The source code for this is all available on GitHub, so you can see. So yeah, I actually used a library called Elasticsearch DSL for this, which is a Python library that tries to be a slightly higher level way of working with Elasticsearch. You can also compose this as a JSON blob and then post that to Elasticsearch itself.
But yeah, so your first step is going to be designing and mapping for your data. The actual indexing is pretty trivial once you've got the mapping in place, because you really are just constructing JSON documents and then posting them back up to the server. But yeah, the mapping design is quite important. Thanks for the talk. That was really great. So I know that you're talking about how performant this
is to find documents based on whatever criteria. So is it equally performant if I wanted to do something like aggregate so to get average scores or standard deviations on something inside the document? Absolutely. The strength of aggregations is that they're insanely fast for stuff. As you get more complicated with the aggregations,
the performance can start to add up. But honestly, the most complex queries I've come up with are in the order of 100 milliseconds as opposed to 10 milliseconds. So generally, the performance is really good.
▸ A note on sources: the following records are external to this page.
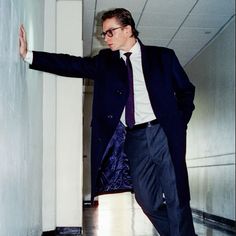 a man in suit and tie leaning against a wall with his hand on the door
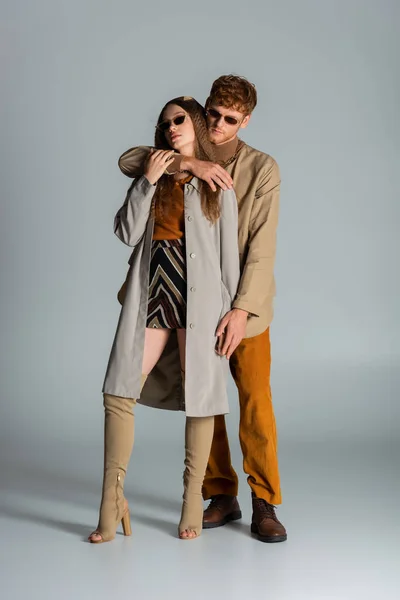 Full length of redhead man in sunglasses hugging stylish girlfriend in skirt and trench coat on grey — стоковое фото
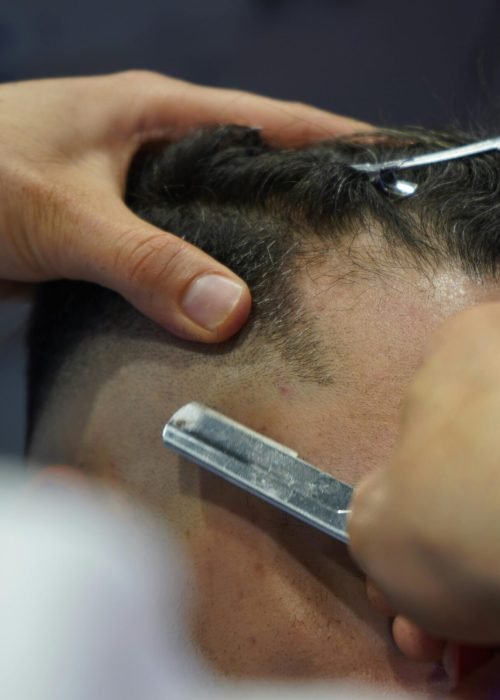 Detailed close-up of a barber using a sharp blade to shave a client's head in a salon.
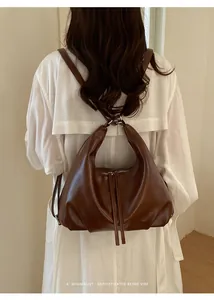 Dettaglio di uno zaino minimalista in pelle marrone su una modella con indosso un cappotto bianco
And yeah, there are a lot of the aggregations I've shown so far are what are called bucket aggregations where you divide documents into different named buckets. There are also aggregations for metrics
that can calculate things like standard deviations and sums and medians. And even like in geospatial spatial terms, there are aggregates that will calculate a bounding box around all of the documents. So there's a whole bunch of additional power and flexibility you get around that. All right, thank you so much, Simon. Thank you.